In my work with hospice I cannot tell you how hard it was to get folks to attend a grief “support group.” Especially here in always busy Southern California, taking time out to grieve and talk in a group and to then return to daily life two hours later may not work. In fact, much of the time it does not work. If you ask, they will say they do not want to sit around with a bunch of sad people. They don’t want to share their loss. They are uncomfortable with both therapy and groups.
You know your client would benefit from more intensive grief work, and from interacting with others on their path. They are resistant. If you push too much they will disappear. How do I know this? I meet them online. I meet them through the funeral industry. I hear about them from funeral directors, who are hearing from them through their answering service and at their yearly holiday remembrance services.
Grievers operate on a different clock. They usually have trouble sleeping, and find 2am is when they are free to sit and think and let the emotions settle over them. They hear the well-intended comments from others and seal themselves off from them, and form their advice to seek some support (if you are that off base about what I am feeling, how dare you tell me I need a support group?). They may call around for a group- and they will find the vast majority operate through churches, and a belief system is required or included in the curriculum.
That’s why they need the help they identify in a manner that is comfortable for them. They want to have some control, because they had no control over the death. They want privacy, because they may have had enough of people for a while, or they may simply be an introvert. They want to not hear the stuff that they keep hearing from others. They want to meet others who know that two weeks after the funeral they are not “over it.” They want options ot meet who they are. Therapy may be it- or it may not be.
That’s why I created Your Path Through Grief. I am confident that if someone seeks me out at my office they are ready for therapy. I know my skills. But I also know that some who appear may find it too close, and seek something less intense, or less 1:1. I provide referrals to traditional groups, but most will not attend. If they do, they may be turned off or cared by people who have been grieving for years- they want to work through the grief, not make it their final destination.

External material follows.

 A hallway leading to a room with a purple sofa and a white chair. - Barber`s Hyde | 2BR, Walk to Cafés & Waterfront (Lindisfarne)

So I took their thoughts, and those of others with recent losses, and funeral directors, and hospice staff, and my training, and sat down to write. YPTG is not a replacement for therapy- it can be a powerful adjunct. It provides 365 emails over the course of a year, timed to issues in the cycle of grief. It has a workbook based on my experience with loss and my work as a therapist. It has videos for those 2am moments. It provides education about what grief feels and looks like. It gives permission to smile while still crying. It has ideas for applying the loss to a positive outlet. It has blogs- especially when national events are likely to retrigger intense emotions. And it has an online group, where thoughts can be written and discussed without the eyes of their family and friends.
The program is not to replace a therapist. It is for those who do not need one, or who are seeing one but want another space to explore their process and to receive more support on a daily basis- something no therapist can do. It can also, incredibly enough, support a therapist who has experienced a recent loss. And it has resources just for therapists.
If you are doing grief work, remember we all have folks checking us out online, who watch but will never pick up that phone. Or it may take more than one push to get them to you. Resources on your page will make you accessible to them, and your practice a friendly place that offers help- even if you never meet.
Start where your client is. The hallmark of every therapist. It may not be in your office.